§ **WHAT THE TASK ASKS**
Nothing but the exact lines from the one containing "Saut de tube Carbone MM" through the last line of the records below belongs in your answer.

§ **THE DATA**
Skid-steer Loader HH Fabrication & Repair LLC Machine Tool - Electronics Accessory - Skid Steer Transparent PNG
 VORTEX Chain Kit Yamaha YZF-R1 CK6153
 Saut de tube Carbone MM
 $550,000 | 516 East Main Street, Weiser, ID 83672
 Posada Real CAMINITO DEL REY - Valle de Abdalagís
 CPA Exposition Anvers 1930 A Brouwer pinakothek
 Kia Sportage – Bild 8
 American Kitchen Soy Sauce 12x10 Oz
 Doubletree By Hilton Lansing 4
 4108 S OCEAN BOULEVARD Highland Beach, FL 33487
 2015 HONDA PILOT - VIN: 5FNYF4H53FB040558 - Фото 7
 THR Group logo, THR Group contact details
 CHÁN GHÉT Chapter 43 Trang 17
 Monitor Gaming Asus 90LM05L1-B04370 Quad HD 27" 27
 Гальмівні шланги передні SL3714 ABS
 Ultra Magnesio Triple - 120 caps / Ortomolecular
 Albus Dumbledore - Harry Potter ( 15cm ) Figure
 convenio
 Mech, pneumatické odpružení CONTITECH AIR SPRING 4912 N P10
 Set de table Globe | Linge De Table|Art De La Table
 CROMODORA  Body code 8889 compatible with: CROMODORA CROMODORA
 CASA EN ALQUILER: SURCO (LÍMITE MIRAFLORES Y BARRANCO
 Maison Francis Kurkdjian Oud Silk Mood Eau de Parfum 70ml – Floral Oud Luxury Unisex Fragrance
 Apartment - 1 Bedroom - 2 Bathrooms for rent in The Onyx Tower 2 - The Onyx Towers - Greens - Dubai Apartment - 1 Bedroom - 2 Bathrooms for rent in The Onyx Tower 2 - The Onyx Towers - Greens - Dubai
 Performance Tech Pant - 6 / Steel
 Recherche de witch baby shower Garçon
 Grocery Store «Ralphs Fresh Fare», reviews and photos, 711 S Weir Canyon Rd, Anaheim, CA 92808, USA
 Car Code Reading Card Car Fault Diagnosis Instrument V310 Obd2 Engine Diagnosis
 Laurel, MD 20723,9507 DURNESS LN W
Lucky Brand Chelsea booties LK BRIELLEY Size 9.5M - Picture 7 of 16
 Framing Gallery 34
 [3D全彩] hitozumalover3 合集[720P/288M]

§ **EXPECTED ANSWER**
 Saut de tube Carbone MM
 $550,000 | 516 East Main Street, Weiser, ID 83672
 Posada Real CAMINITO DEL REY - Valle de Abdalagís
 CPA Exposition Anvers 1930 A Brouwer pinakothek
 Kia Sportage – Bild 8
 American Kitchen Soy Sauce 12x10 Oz
 Doubletree By Hilton Lansing 4
 4108 S OCEAN BOULEVARD Highland Beach, FL 33487
 2015 HONDA PILOT - VIN: 5FNYF4H53FB040558 - Фото 7
 THR Group logo, THR Group contact details
 CHÁN GHÉT Chapter 43 Trang 17
 Monitor Gaming Asus 90LM05L1-B04370 Quad HD 27" 27
 Гальмівні шланги передні SL3714 ABS
 Ultra Magnesio Triple - 120 caps / Ortomolecular
 Albus Dumbledore - Harry Potter ( 15cm ) Figure
 convenio
 Mech, pneumatické odpružení CONTITECH AIR SPRING 4912 N P10
 Set de table Globe | Linge De Table|Art De La Table
 CROMODORA  Body code 8889 compatible with: CROMODORA CROMODORA
 CASA EN ALQUILER: SURCO (LÍMITE MIRAFLORES Y BARRANCO
 Maison Francis Kurkdjian Oud Silk Mood Eau de Parfum 70ml – Floral Oud Luxury Unisex Fragrance
 Apartment - 1 Bedroom - 2 Bathrooms for rent in The Onyx Tower 2 - The Onyx Towers - Greens - Dubai Apartment - 1 Bedroom - 2 Bathrooms for rent in The Onyx Tower 2 - The Onyx Towers - Greens - Dubai
 Performance Tech Pant - 6 / Steel
 Recherche de witch baby shower Garçon
 Grocery Store «Ralphs Fresh Fare», reviews and photos, 711 S Weir Canyon Rd, Anaheim, CA 92808, USA
 Car Code Reading Card Car Fault Diagnosis Instrument V310 Obd2 Engine Diagnosis
 Laurel, MD 20723,9507 DURNESS LN W
Lucky Brand Chelsea booties LK BRIELLEY Size 9.5M - Picture 7 of 16
 Framing Gallery 34
 [3D全彩] hitozumalover3 合集[720P/288M]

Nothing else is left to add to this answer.